The Big Questions – Geelong 2024 Season Preview

After the heights of 2022, the Cats fell back to earth in 2023.

For some, it was seen as the inevitable fall, after finally ascending to the top of the mountain. To others, it was an injury-induced loss of footing that saw a stumble, and nothing more.

2024 is the season we find out which party is right, and perhaps the season we find out whether the era of the Cats as perennial contenders is over, or just looking to restart.

Geelong get a shot in the arm with the return of a healthy Cam Guthrie – a major factor in their midfield engine, Jack Henry to become even more potent in the back six, and Rhys Stanley to contest int he ruck. Those three additions should make a huge difference, but the development of some of their kids will be the key to, not only this season, but the next five or six.

2024 – the year the Cats turn it around? Or the year the Cats finally tumble down the ladder?

It’s that time of year, already.

The break after Christmas and New Year is over. The holidays are finished for AFL players, and the hard stuff starts now. Yes, the teams had been training for well over a month prior to Christmas, but as we head into 2024, the ante is upped and the intensity increases.

This is where premierships are won and lost. This is where improvements are made and lists come together. New faces, new colours, old heads with renewed passion… so much feeds into the making of a contender. And as the days tick down toward to the intra-club clashes, practice games, and eventually the real stuff, questions are raised about each team and how they’re going to perform in 2024.

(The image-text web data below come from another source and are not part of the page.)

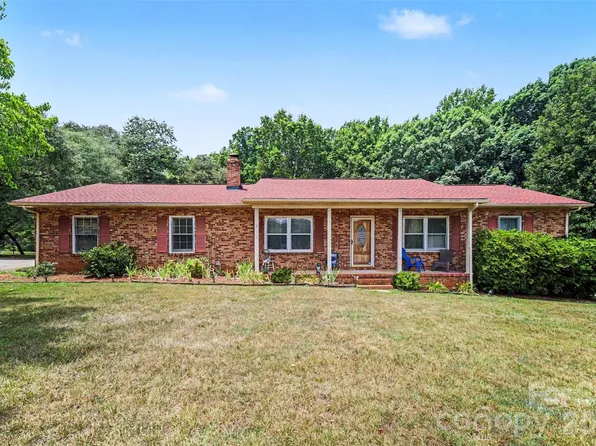 888 Sunbeam Dr, Lincolnton, NC 28092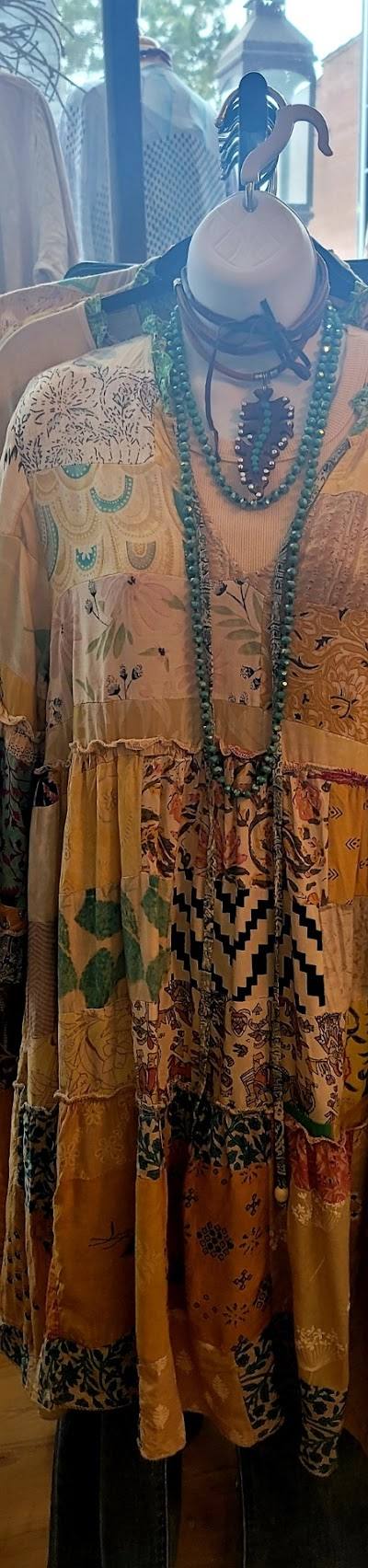 Minerva boutique photo 2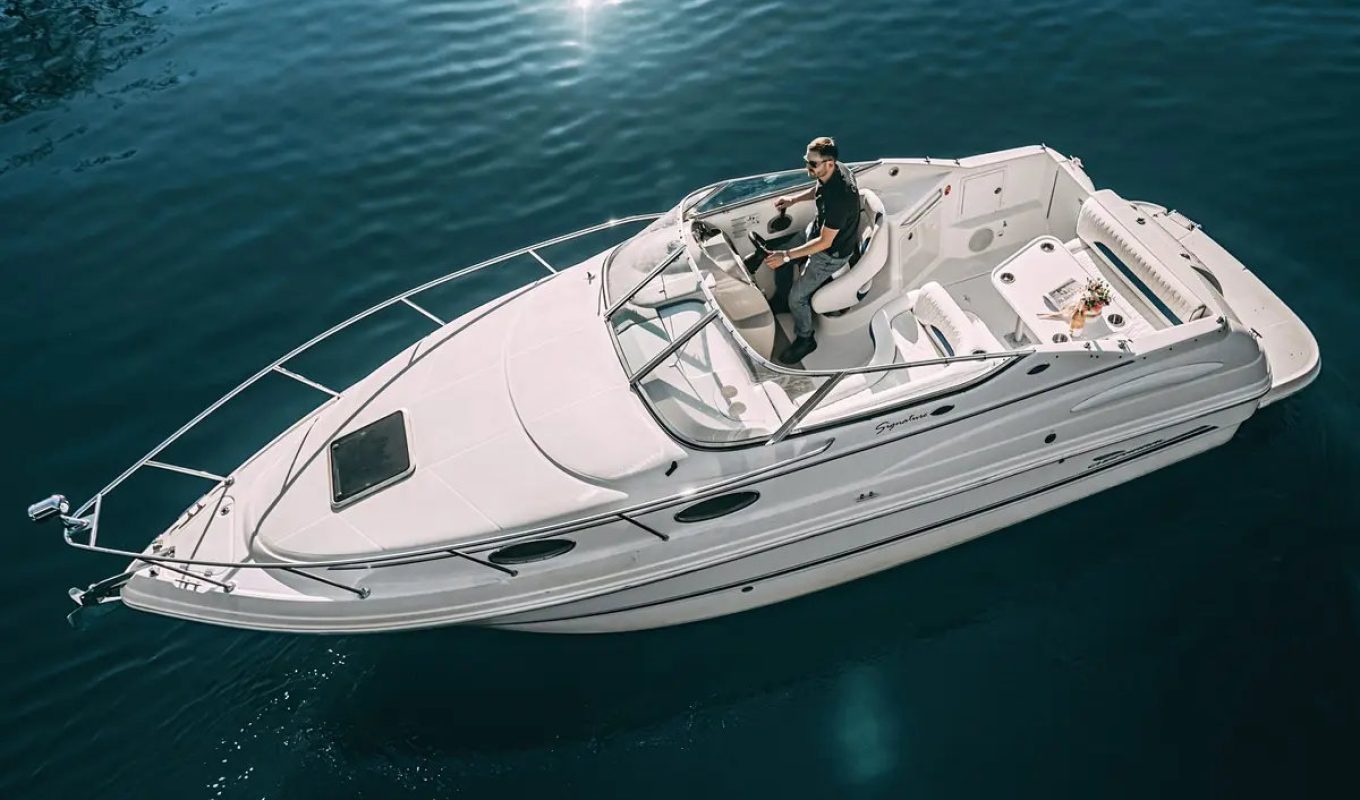 kater-admiral-chaparral-270-signature-top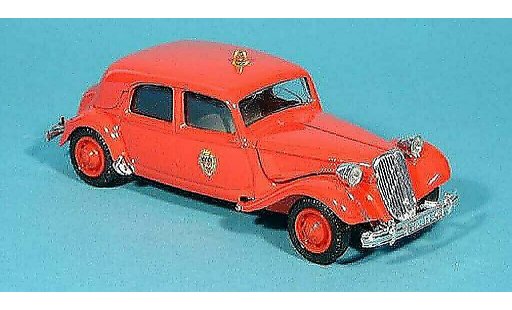 Citroen Traction 15 1/43 Solido CV Pompiers pompiers (F) 1952 miniature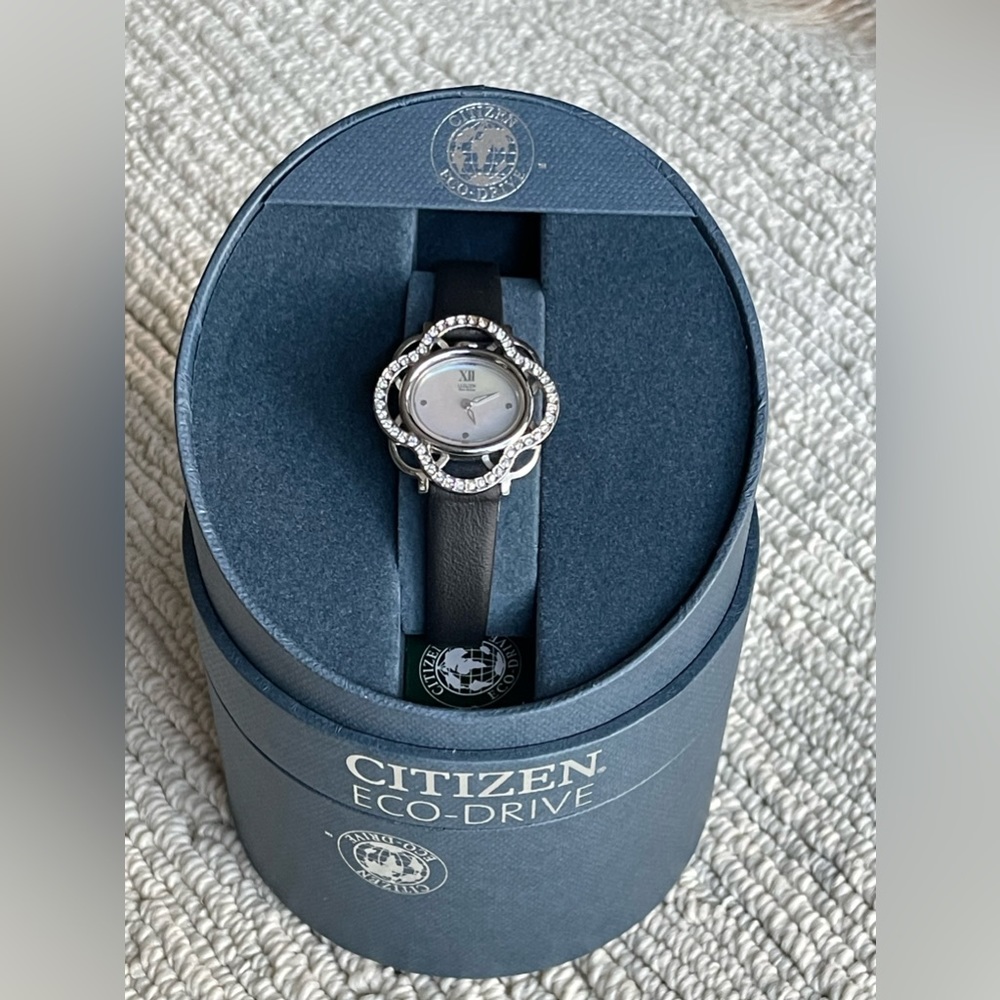 CITIZEN Quartz Eco-Drive Lady’s Watch. Black leather band. EUC. - Picture 4 of 9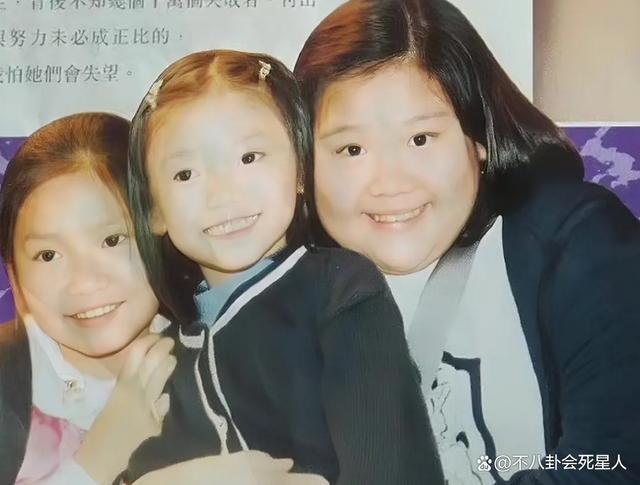 36岁郑欣宜“孤独”人生，妈妈早逝爸爸另娶，被抑郁症折磨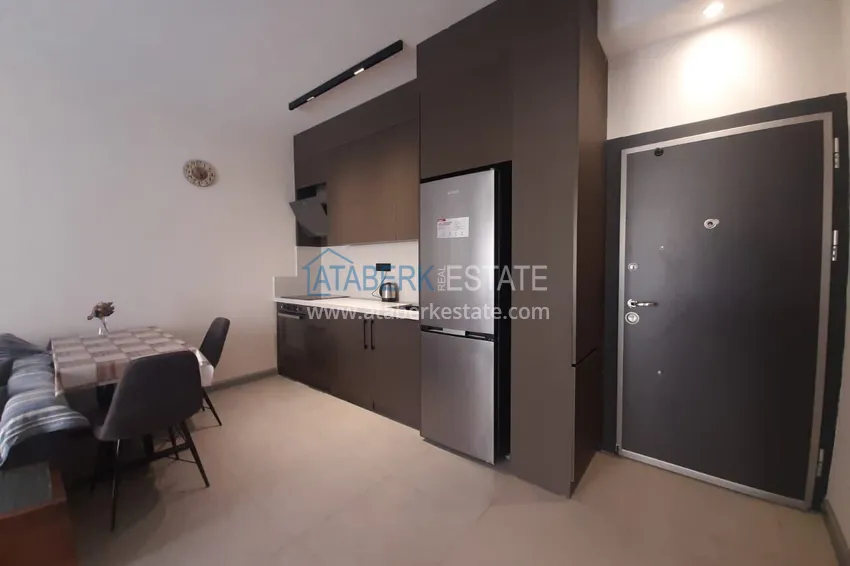 Purchase 1+1 apartment for rent in the center of Alanya — comfort and proximity to the sea No. 26 1 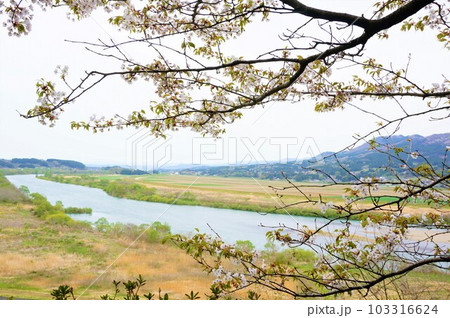 平泉 義経堂から見る北上川 平泉 義経堂から見る北上川 103316624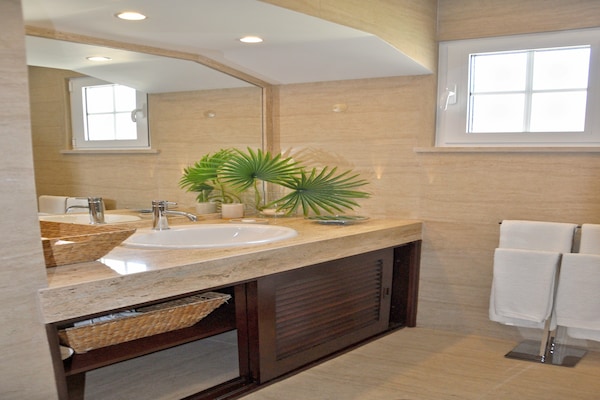 Foto van Villa in Vilamoura met privézwembad - Vakantiehuis in Vilamoura - BathRoom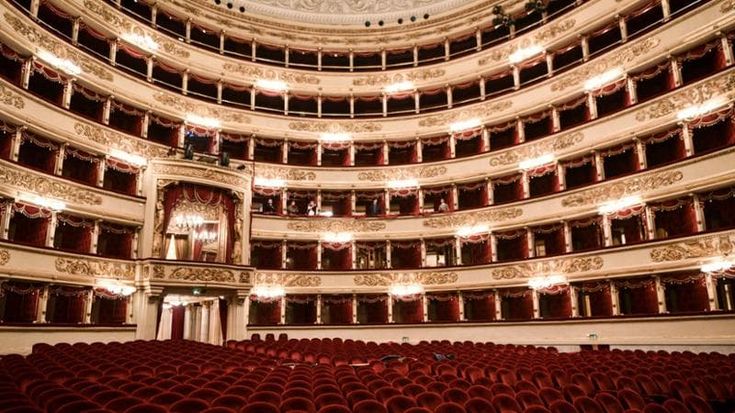 Teatro alla Scala, i vagiti di un bambino disturbano la prima della Cavalleria Rusticana: piccolo e genitori fatti allontanare dal sovrintendente Meyer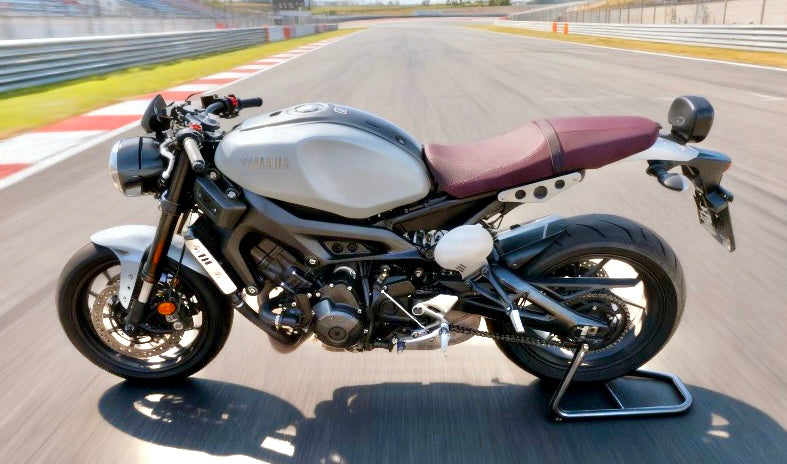 Kit dx e sx - Piastre abbassamento pedana 8 cm passeggero con portanumero per XSR900 e MT09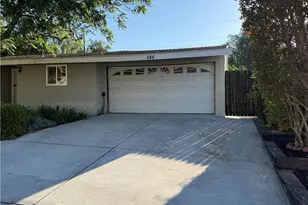 545 E Gainsborough Rd, Thousand Oaks, CA 91360 - Photo 3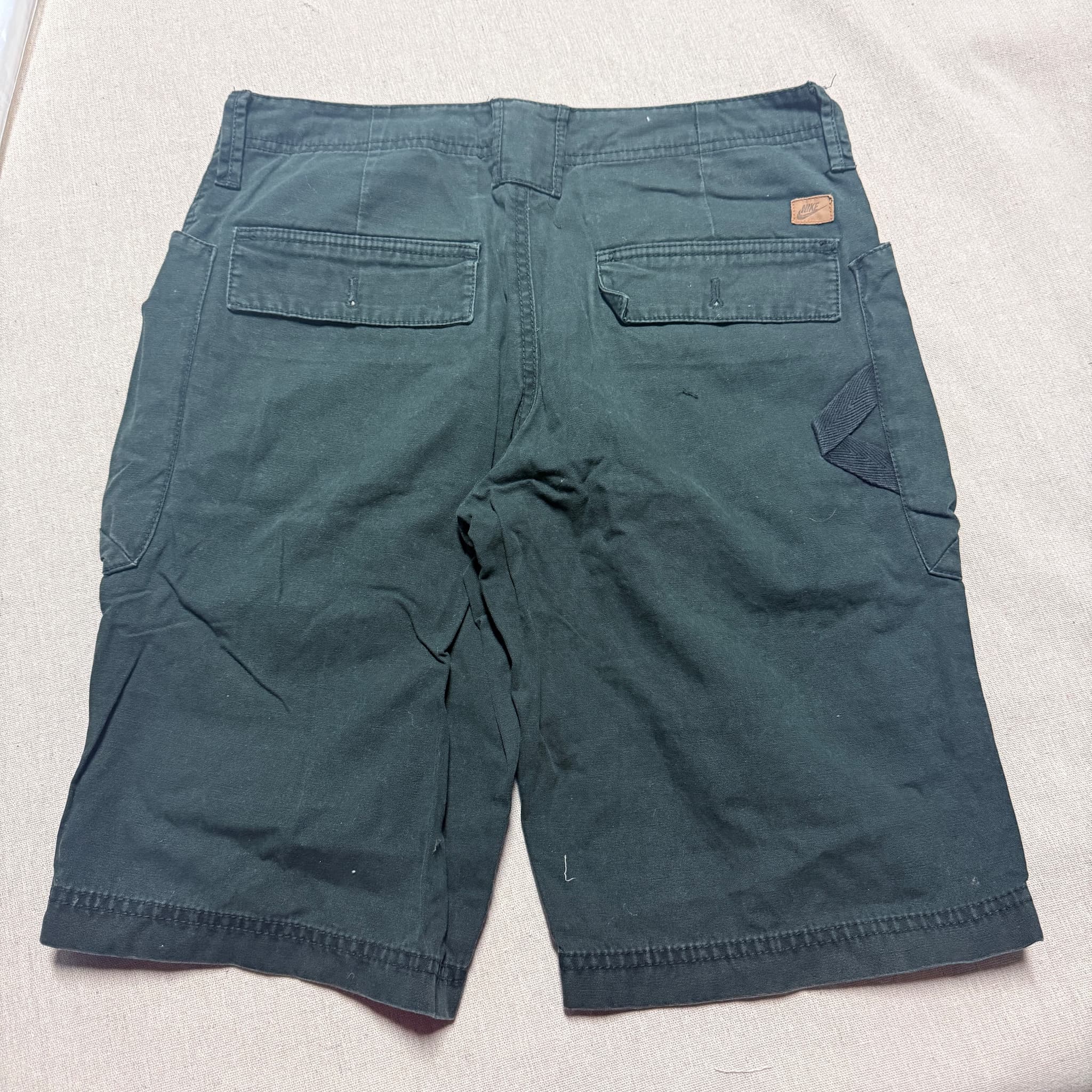 Nike Sportswear Men's Utility Cargo Shorts Dark Green Size 29 — photo 5 of 7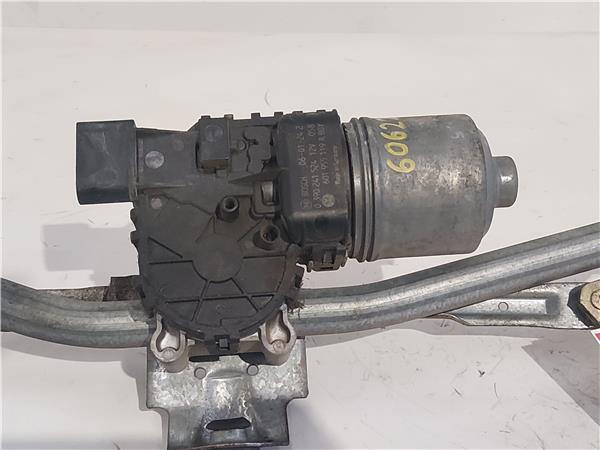 MOTOR LIMPIAPARABRISAS DEL. Volkswagen polo iv (9n1)(11.2001->) 1.4 TDI BNM 601955119 NEGRO Delanteras delanteros HCS - Imagen 2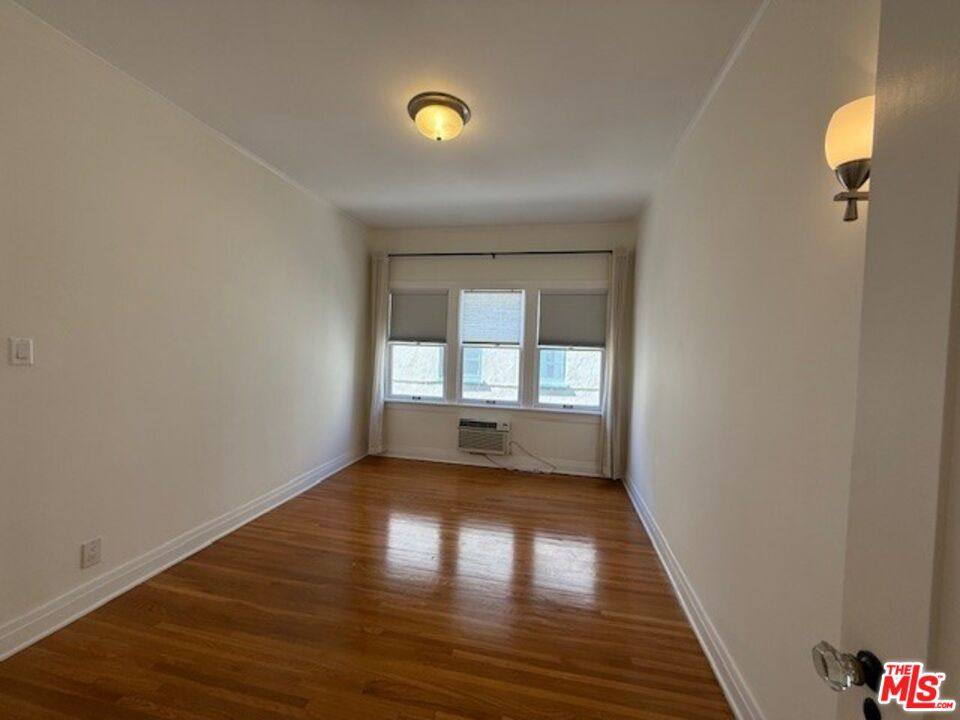 Apartment for rent at 747 S Mansfield Ave #747-4, Los Angeles, CA 90036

We don’t do things by halves here, at The Mongrel Punt. When we do a season preview, we go all out to make sure it is the best, most comprehensive coverage you’ll receive. We pride ourselves on it. If you are going to read one season preview for your team, or any team, this series provides it.

The way it works is as follows.

Each club has a minimum of 15 questions asked about the upcoming season, their coaches, their players, and their expectations. The answers are not glossed over. We dive deep on each and every one – some singular answers would normally be long enough for an entire column. The first five questions/answers are free for you to consume. The next 10-14 for each club are for our members, including a special appearance from Mrs Mongrel to throw her two cents in the mix.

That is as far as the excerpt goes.